[Items from a data source]
□ □ □ □ □

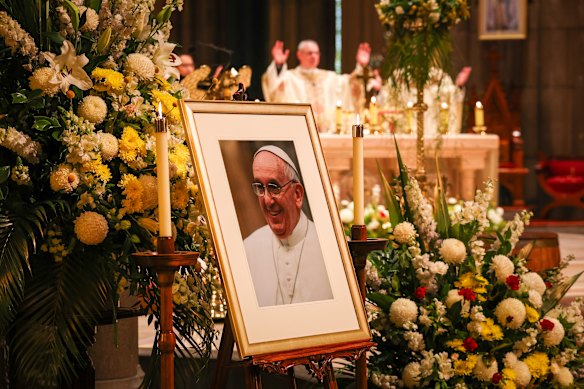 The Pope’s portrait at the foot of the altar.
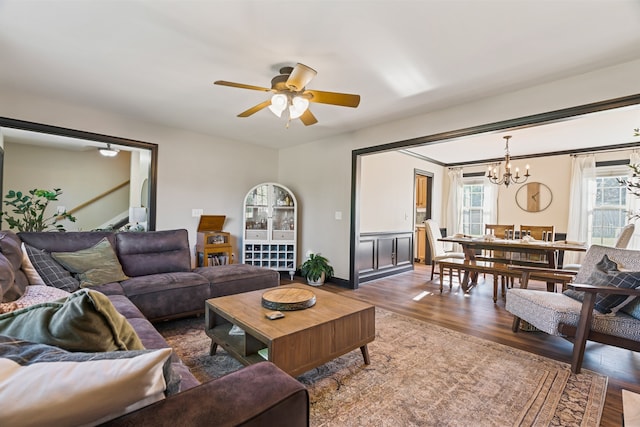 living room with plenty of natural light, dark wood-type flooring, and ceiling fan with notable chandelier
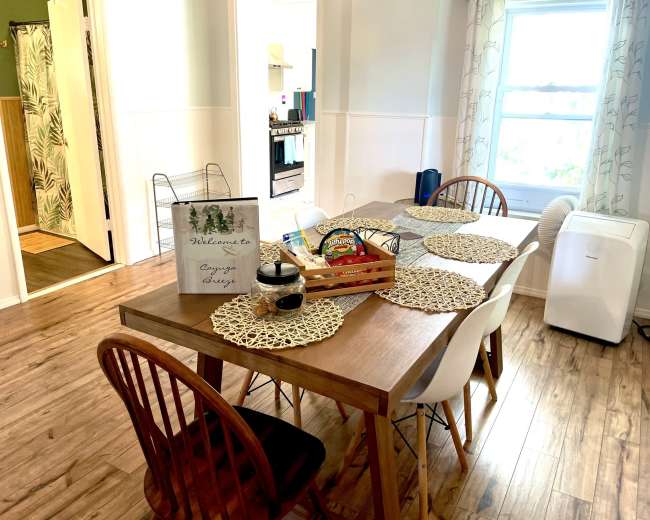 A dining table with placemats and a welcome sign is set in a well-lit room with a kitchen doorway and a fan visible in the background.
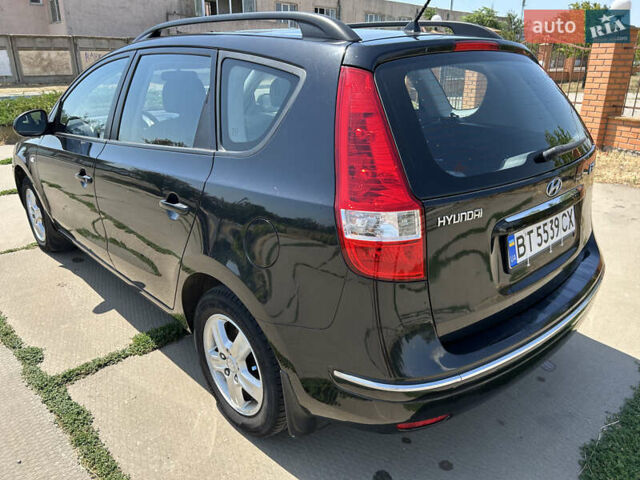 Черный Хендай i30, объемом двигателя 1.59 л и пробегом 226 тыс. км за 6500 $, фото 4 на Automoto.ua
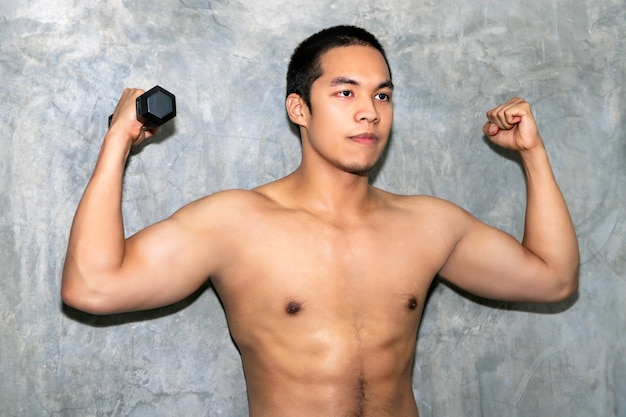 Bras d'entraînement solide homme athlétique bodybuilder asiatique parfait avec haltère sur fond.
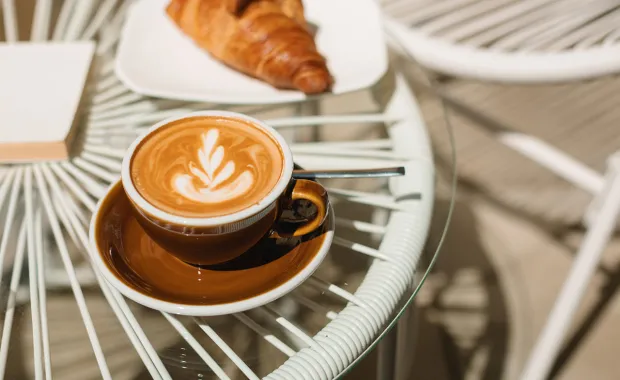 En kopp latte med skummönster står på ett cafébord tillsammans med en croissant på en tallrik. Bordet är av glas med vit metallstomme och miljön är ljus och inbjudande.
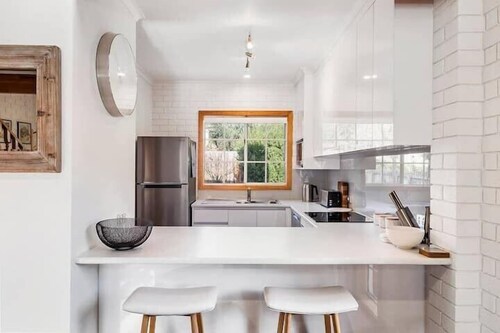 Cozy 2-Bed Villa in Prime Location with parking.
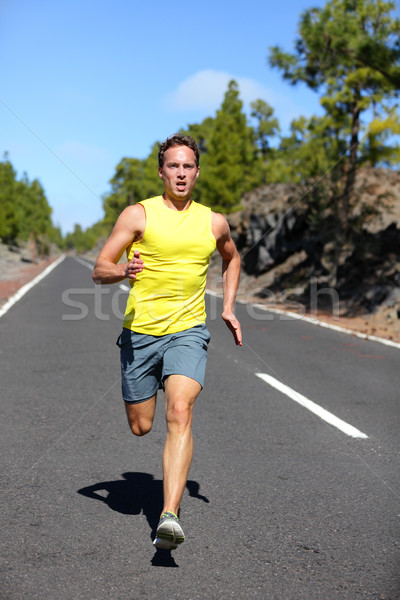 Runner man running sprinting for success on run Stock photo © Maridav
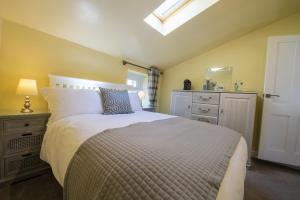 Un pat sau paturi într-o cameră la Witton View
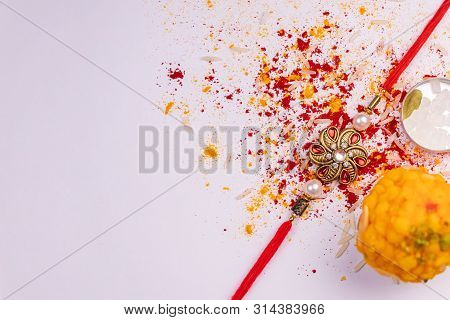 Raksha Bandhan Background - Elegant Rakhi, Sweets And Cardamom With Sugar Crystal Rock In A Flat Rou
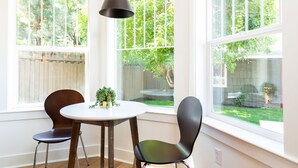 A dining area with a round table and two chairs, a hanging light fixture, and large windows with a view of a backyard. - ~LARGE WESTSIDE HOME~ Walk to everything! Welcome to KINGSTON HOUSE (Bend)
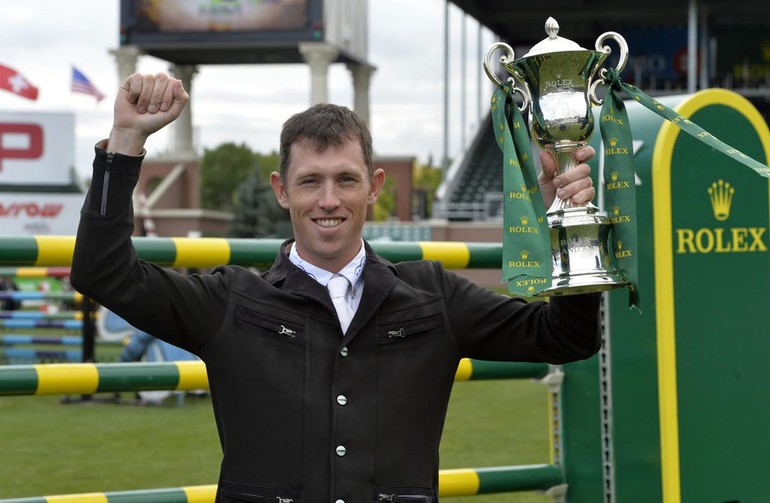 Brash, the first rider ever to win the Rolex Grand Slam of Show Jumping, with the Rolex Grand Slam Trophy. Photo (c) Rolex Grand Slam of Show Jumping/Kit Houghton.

□ □ □ □ □

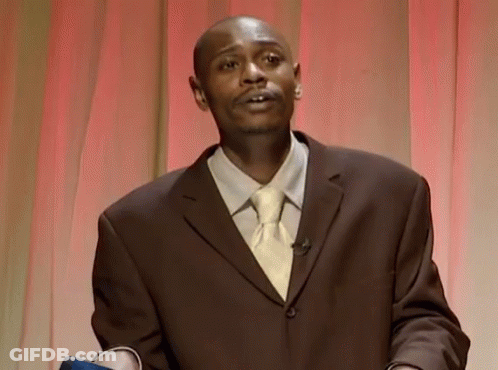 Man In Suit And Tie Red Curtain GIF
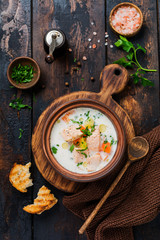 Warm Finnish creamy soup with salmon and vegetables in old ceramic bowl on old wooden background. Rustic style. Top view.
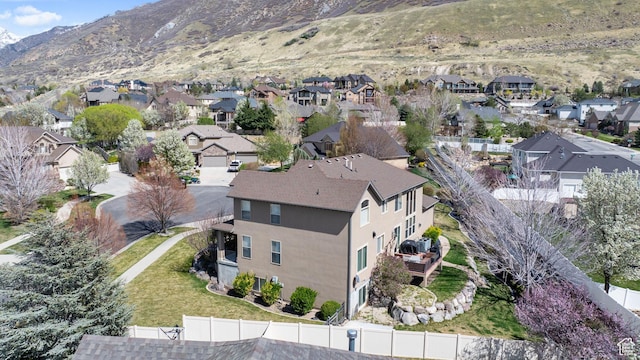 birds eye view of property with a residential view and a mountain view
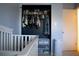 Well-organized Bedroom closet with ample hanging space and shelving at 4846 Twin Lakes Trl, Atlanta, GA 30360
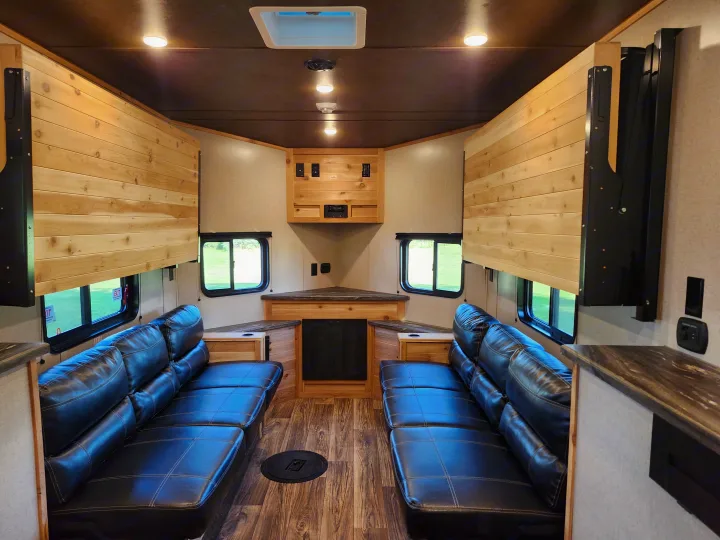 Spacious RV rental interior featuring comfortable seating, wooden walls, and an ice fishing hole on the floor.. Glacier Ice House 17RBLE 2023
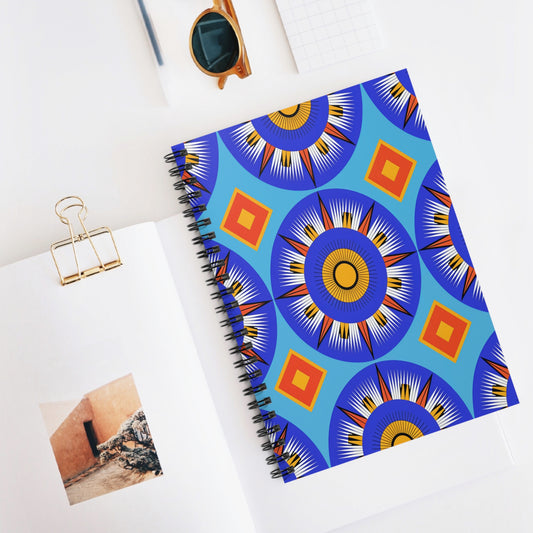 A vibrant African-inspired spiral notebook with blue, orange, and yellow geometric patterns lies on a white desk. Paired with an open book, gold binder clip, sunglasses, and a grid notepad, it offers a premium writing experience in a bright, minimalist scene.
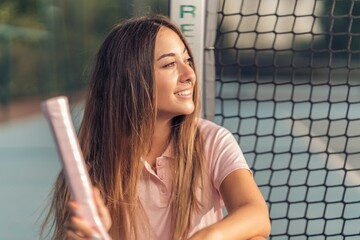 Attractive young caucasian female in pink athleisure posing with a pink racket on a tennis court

□ □ □ □ □

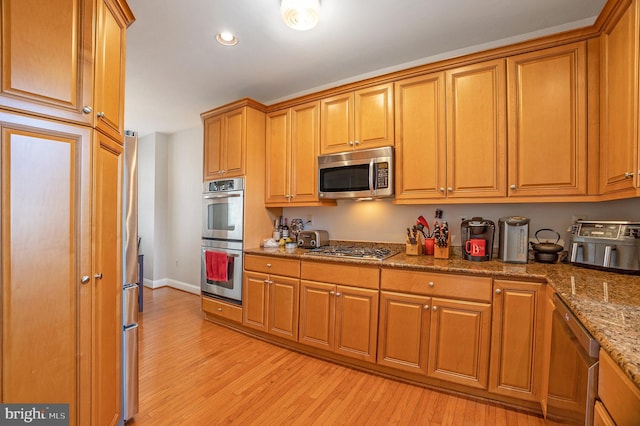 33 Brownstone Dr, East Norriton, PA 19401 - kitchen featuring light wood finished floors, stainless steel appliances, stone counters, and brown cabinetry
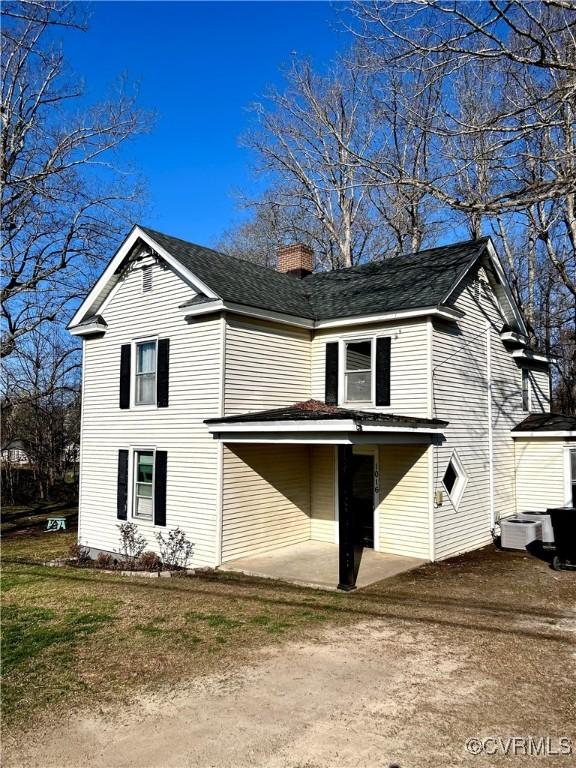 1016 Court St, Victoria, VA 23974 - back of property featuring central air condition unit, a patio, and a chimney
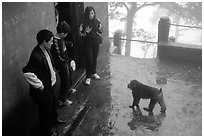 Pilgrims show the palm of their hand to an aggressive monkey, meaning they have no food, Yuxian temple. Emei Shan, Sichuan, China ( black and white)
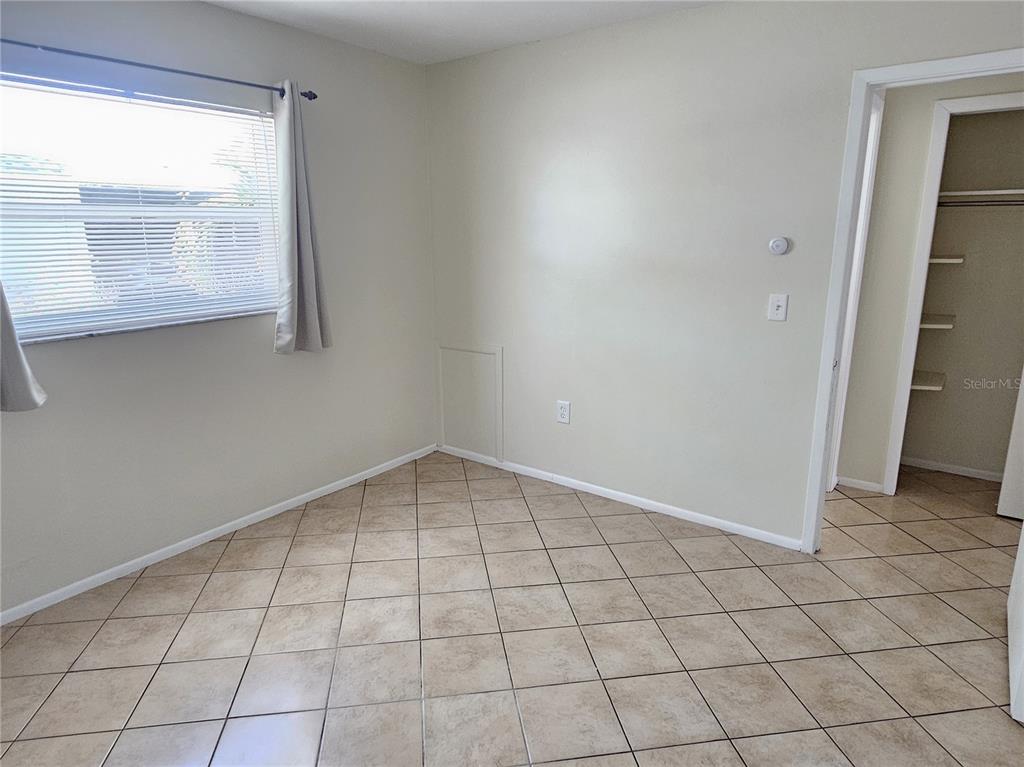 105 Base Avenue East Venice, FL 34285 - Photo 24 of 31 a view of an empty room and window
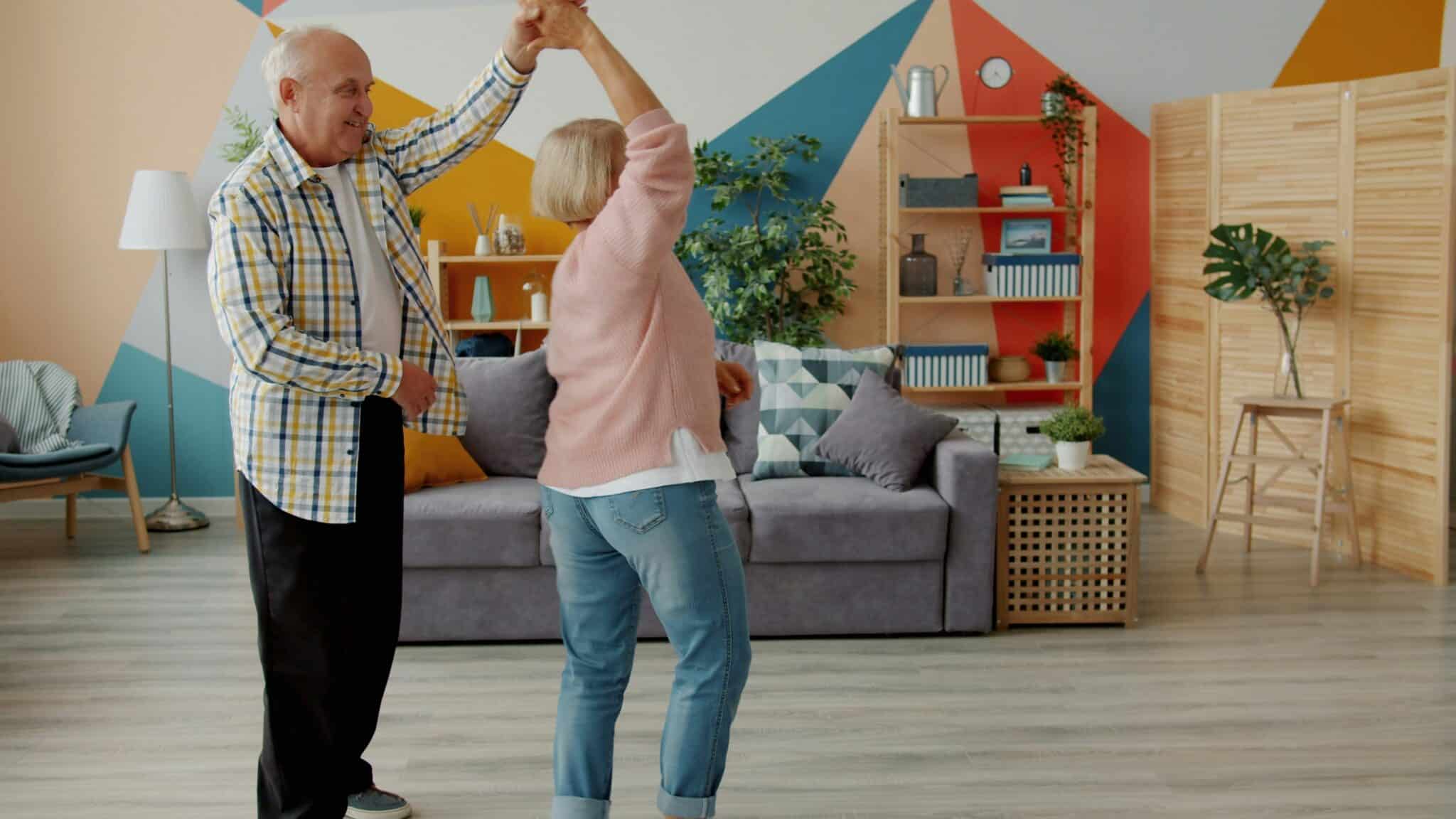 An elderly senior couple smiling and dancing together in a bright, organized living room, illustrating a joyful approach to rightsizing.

□ □ □ □ □

* **What you need to do**:
For this exercise, reproduce exactly the lines of the records above from the one with "The Pope’s portrait" up to and including the one with "Черный Хендай i30, объемом", without pictures.

* **Answer to the problem**:
 The Pope’s portrait at the foot of the altar.
 living room with plenty of natural light, dark wood-type flooring, and ceiling fan with notable chandelier
 A dining table with placemats and a welcome sign is set in a well-lit room with a kitchen doorway and a fan visible in the background.
 Черный Хендай i30, объемом двигателя 1.59 л и пробегом 226 тыс. км за 6500 $, фото 4 на Automoto.ua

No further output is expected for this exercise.